La royaume de l'aube

Les deux pieds plantés dans une boue hivernale, Jean-Bernard me regarde de deux yeux rieurs qu’encadre une tignasse de vieux faune. Ce paysan, fier de sa vie, a l’assurance du marginal devenu prophète.

Quand il a 20 ans, ses voisins s’endettent pour des tracteurs, promesses de bonheur. Lui hérite de la ferme familiale, et sans un sou mais amoureux des bêtes, continue de cultiver avec ses chevaux. D’un esprit tout aussi indépendant, Laurence se joint à lui quelques années plus tard, tournant le dos à un milieu citadin et bourgeois. Leurs terres convoitées par leurs pairs, ils vécurent moqués et exclus.

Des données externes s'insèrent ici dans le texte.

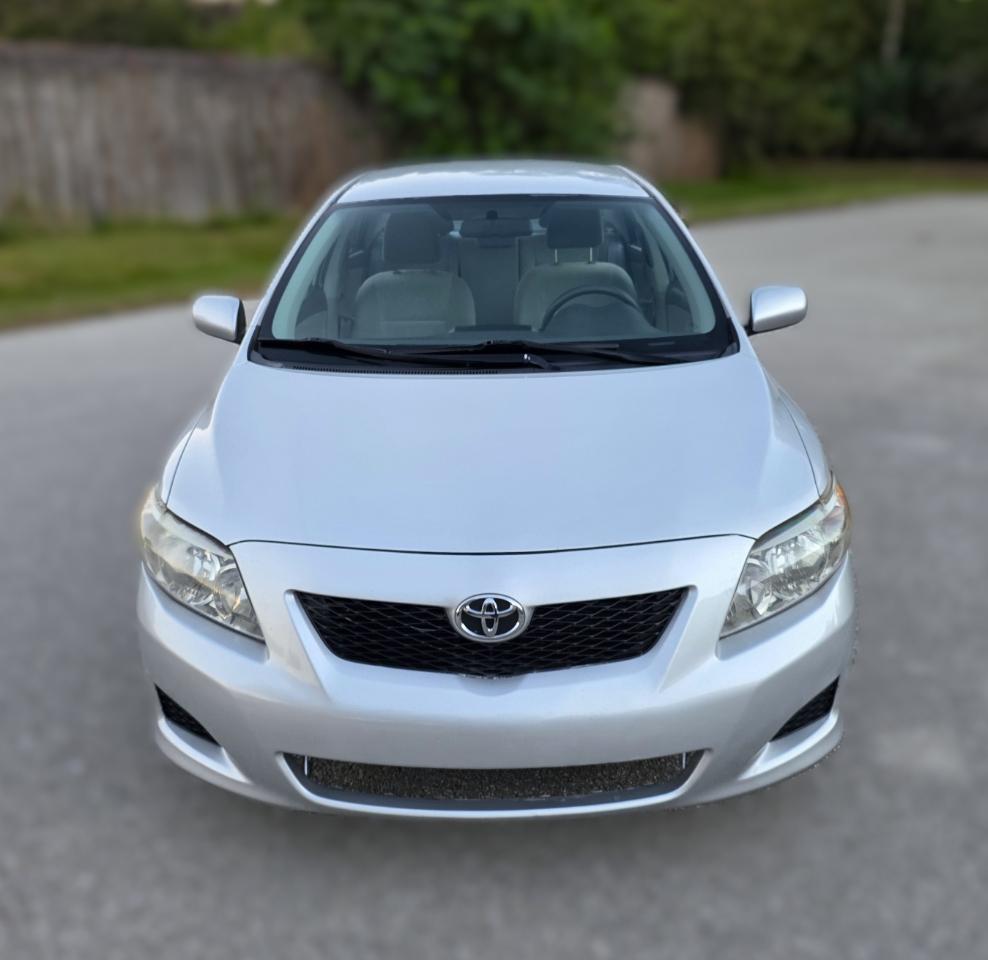 Toyota Corolla 4dr Sdn Auto LE (Natl) 2009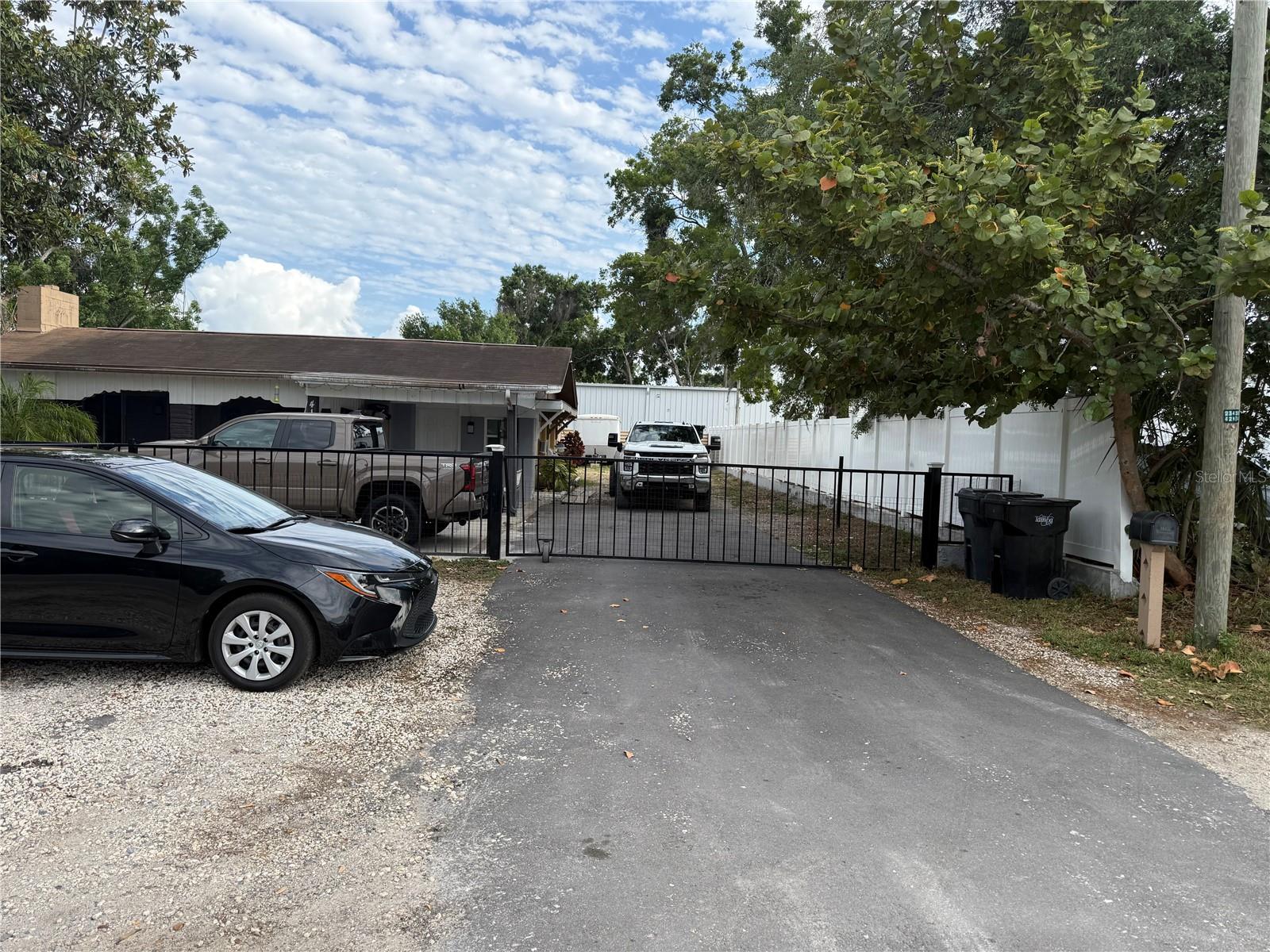 4106 W SOUTH AVE, TAMPA, FL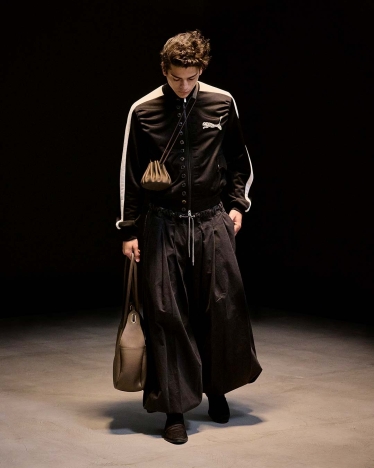 The MASU AW 2026/27 menswear collection - "Sugar Riot". Look 25.
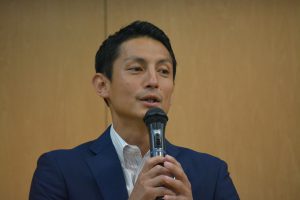 西貴之　特別顧問による講評 日本青年会議所で、「親ＤＯリトミック」の議案を、中島委員長が上程した際のエピソードなどをお話してくださりました。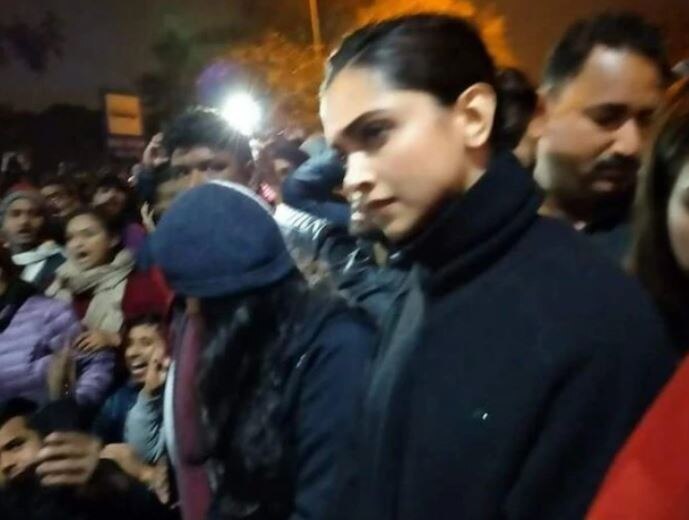Actress Deepika padukone attends kanhaiya kumar demonstration against jnu violence JNU પહોંચી દીપિકા પાદૂકોણ, ઘાયલ વિદ્યાર્થી નેતા આઈશી ઘોષ સાથે કરી મુલાકાત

Aujourd’hui se succèdent autour de leur table et à toute heure, dans une fraternité qui me fascine, un juge d’instruction gay, une famille de musulmans, un anarchiste en caravane, des chanceux ou des bousculés de la vie.

J’ai été touché par la beauté de cette vie libre, pleine de justesse et sans convoitise, menée dans ce lieu de contrastes sorti d’une peinture de l'âge d’or hollandais. D’abord saisi par l’ennui d’un monde quasi monastique et en apparence immuable - une journée à marcher au pas lent du bœuf labourant un champ quand un tracteur en une heure en serait venu à bout - le temps long m’a conquis à son tour, m’ouvrant les portes de l’impermanence et son cortège d’émois, quand se côtoient pulsions de vie, de procréation et de mort, quand la douleur de celle du veau qui n’aura survécu que deux jours cède à la joie de l’écoute d’une aube printanière et chantante.